Buser Official NET, Bima – Pemerhati kebijakan publik, Zulchijjah Djuwaid, M.Si., meminta publik tidak tergesa-gesa menyimpulkan terkelupasnya sebagian aspal di Ruas Jalan Pelabuhan, Desa Kore, sebagai bentuk kegagalan proyek atau bahkan penyimpangan anggaran. Ia menegaskan, dalam proyek infrastruktur, dinamika teknis adalah hal yang inheren dan tidak otomatis identik dengan korupsi.
“Kalau yang terlihat baru lapisan atas terkelupas, itu belum tentu menyentuh struktur utama. Dalam konstruksi jalan ada lapisan aus (wearing course) yang memang paling rentan terhadap cuaca ekstrem, genangan air, dan beban kendaraan berat. Itu fakta teknis, bukan asumsi,” tegasnya.
Zulchijjah menjelaskan bahwa setiap proyek jalan pemerintah dirancang dengan masa pemeliharaan (maintenance period). Dalam fase ini, kontraktor memiliki kewajiban hukum dan administratif untuk memperbaiki setiap kekurangan tanpa tambahan biaya. Artinya, sistem pengadaan publik memang mengantisipasi kemungkinan gangguan teknis di tahap awal.

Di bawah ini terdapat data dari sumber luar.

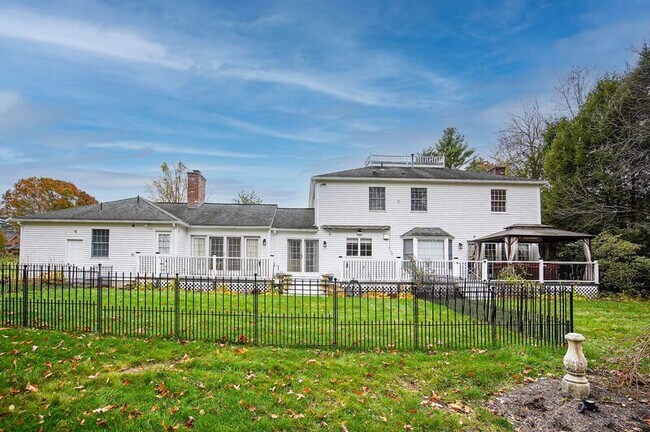 Building Photo - 14 Horseshoe Ln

“Justru mekanisme koreksi itu bagian dari desain tata kelola yang sehat. Ada konsultan pengawas, ada pejabat pembuat komitmen, ada masa retensi anggaran. Kalau ditemukan kekurangan, diperbaiki dalam koridor kontraktual. Itulah prinsip akuntabilitas modern bukan nihil masalah, tapi kemampuan memperbaiki,” ujarnya.
Ia menekankan pentingnya membedakan antara kerusakan struktural dan gangguan teknis permukaan. Kerusakan struktural berarti lapisan pondasi gagal menopang beban dan membutuhkan rehabilitasi besar. Sementara pengelupasan tipis pada hotmix bisa terjadi akibat kombinasi faktor eksternal seperti curah hujan tinggi, sistem drainase yang belum optimal, atau kendaraan bertonase besar yang melintas sebelum usia aspal mencapai kekuatan maksimal.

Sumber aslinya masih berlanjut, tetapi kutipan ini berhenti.